Closed bplein closed 6 years ago
Support for mounting PVCs and other types of volumes is being worked on in https://github.com/apache/spark/pull/21260. The title of the PR says hostPath, but the implementation is generic and works with other types of volumes too. Note that we moved development into upstream.
Thanks, I'll close this and follow the action upstream.
@liyinan926 , Is there a config example for a PV or PVC? I downloaded and compiled the commits in apache #2600; want to try this in my environment.
According to the JIRA, it's:
spark.kubernetes.executor.volumes=hostPath:containerPath[:ro|rw]
for hostPath, but what about PV?
I work for Diamanti, a company that has a Kubernetes appliance featuring high performance storage and networking, both offering QOS that is accessible to the developer via K8s podspec.
In attempting to help a customer use Spark on Kubernetes, we're running into the issue of not being able to control the type of storage used by Spark jobs.
I've reviewed several past (open and closed) issues reported in this repository, and they all seem to be single use case examples (and fixes), such as for emptydir or hostpath support.
Shouldn't Spark-on-K8s generically support PVs/PVCs and other K8s ways of having temporary or persistent storage instead of single fixes for hostpath, emptydir etc?

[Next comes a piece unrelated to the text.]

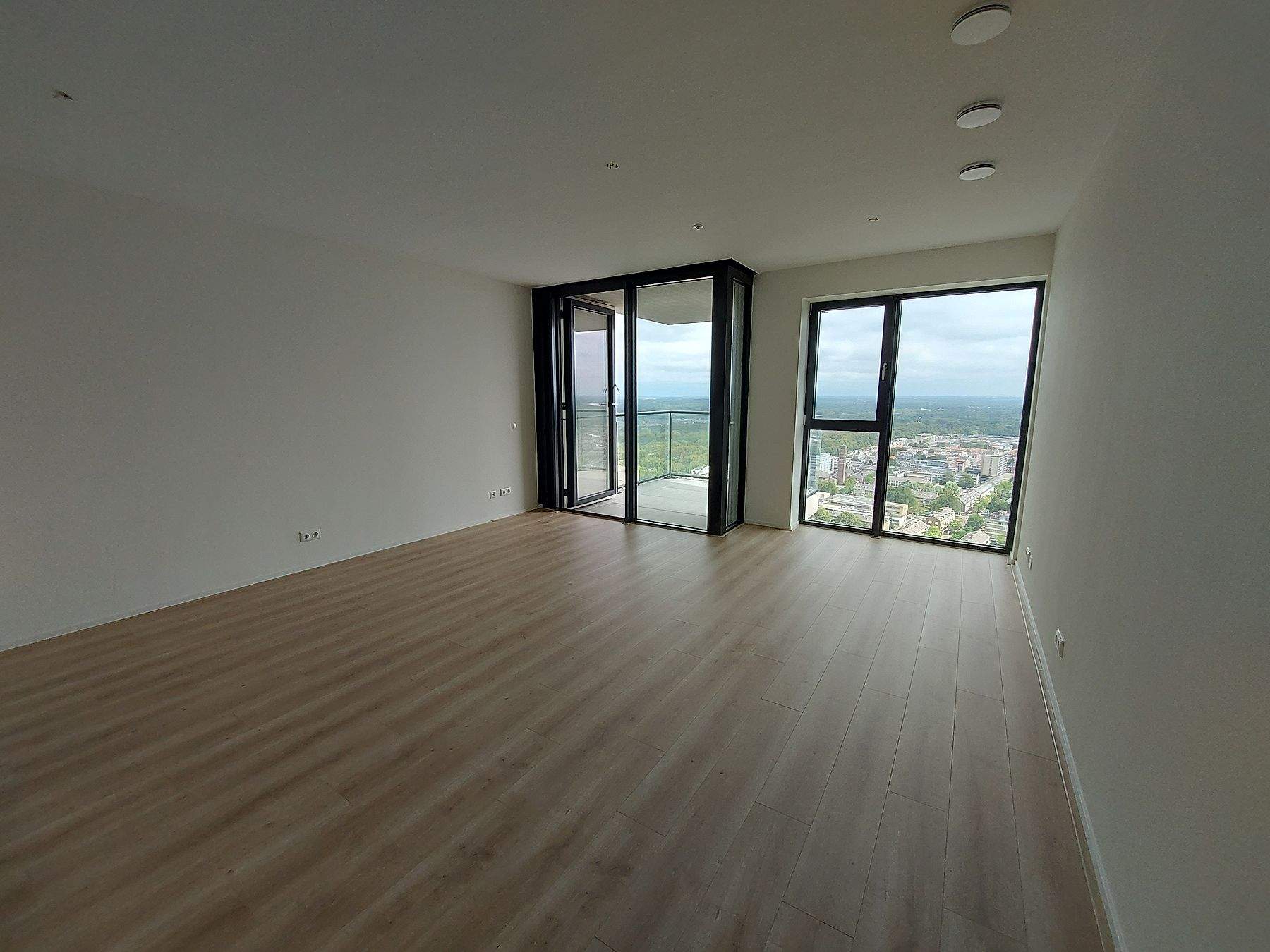 Bild 2 von 8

Hosts in general and K8S clusters in particular have multiple classes of storage available to them. K8s clusters have a plethora of persistent storage options including FlexVolume (today) and CSI (to replace FlexVolume going forward).
With regards to Spark, wouldn't it be ideal if temporary files could be directed to the lowest latency highest throughput storage available to the cluster?
I would like to see if we could use the spark-submit or any other method to describe K8S volumes or PVCs so that users of Spark-on-K8s could use the storage best suited for the performance and capacity needs of their applications.